Concerned about possible harm the Rev. Jeremiah A. Wright Jr. did to Barack Obama's Democratic presidential campaign, 30 Chicago-area African American pastors came together Friday to support the Illinois senator.
The pastors, who represented the Pentecostal, Baptist and Episcopal faiths, gathered at historic Quinn Chapel A.M.E. Church on the South Side and said it was time to get back to the real issues of the campaign.
The Rev. Leon Finney Jr., pastor of Metropolitan Apostolic Community Church, said Wright and his sermons had been "politicized" to divert attention from the nation's problems, including the Iraq war, rising unemployment and the mortgage crisis.
Finney did not criticize Wright but said he hoped to shift people's attention to more pressing matters.
"We're not here to comment on the sermons of Rev.

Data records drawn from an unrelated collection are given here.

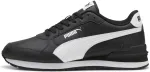 Puma Avalynė Vyrams St Runner V4 Juodas Baltas 399068 01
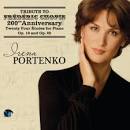 Irena Portenko (Blue Griffin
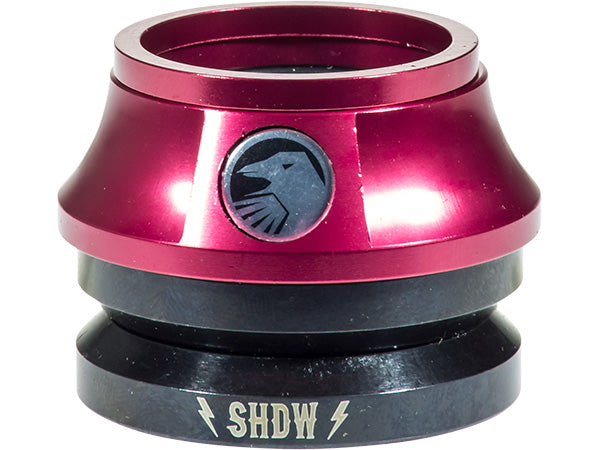Shadow Conspiracy Stacked Integrated Headset-1 1/8&quot; - 3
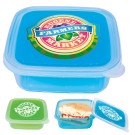 FREEZER LID STORAGE CONTAINER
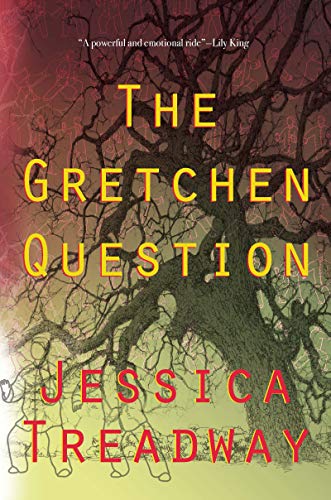 Stock image for The Gretchen Question for sale by SecondSale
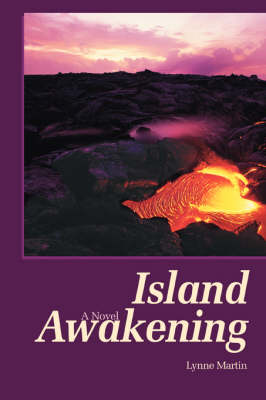 Book cover for Island Awakening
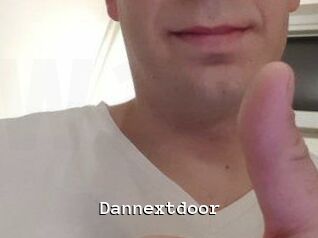 Dannextdoor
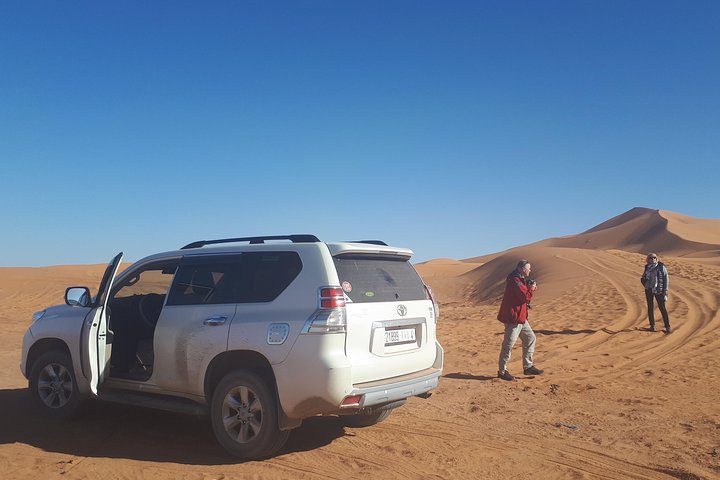 Day trip to Sahara Desert From Agadir  - Image 3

Wright," he said. "As a matter of fact, we want to make sure that we help to turn the interest and focus not on Rev. Wright or what he said, but on the real issues. American people are hurting. We're in a crisis at this particular point.
"Sen. Barack Obama best represents our hopes and aspirations."
In comments to the National Press Club on Monday, Wright equated criticism of him with an attack on the black church and repeated other controversial remarks. Obama denounced him the next day. Obama is a longtime member of Trinity United Church of Christ, from which Wright is retiring as pastor this month.
Bishop Arthur Brazier, pastor of the Apostolic Church of God, said the pastors felt they needed to let the public know that the black church supports Obama. "The black church was unfortunately brought into this, but the black church has nothing to do with this," he said.
Brazier said many church members had expressed concern about the political effect of the Obama-Wright dispute. "Every African American I know is concerned. . . . We are concerned that this controversy arose at a most crucial time," he said.
Bishop Horace E. Smith, senior pastor of Apostolic Faith Church, said that several members of his congregation were worried that the controversy could harm Obama's campaign.
Smith said that if the focus remained on Wright, it could cost the Democratic Party the election.
"I see people every day struggling with healthcare and education. Do we really care what an ex-pastor said when we're going to choose the leader of the free world? Oh, please! We're not that stupid," Smith said. "And for us to continue to focus on this would be a monumental mistake."
The Rev. Marshall Hatch of New Mount Pilgrim Missionary Baptist Church said he feared the black community could lose a chance to make history.
"That's why it's so important that we help people to lift their sights," Hatch said. "There's a saying we have in the black church that we really offer to everybody: Keep your eyes on the prize."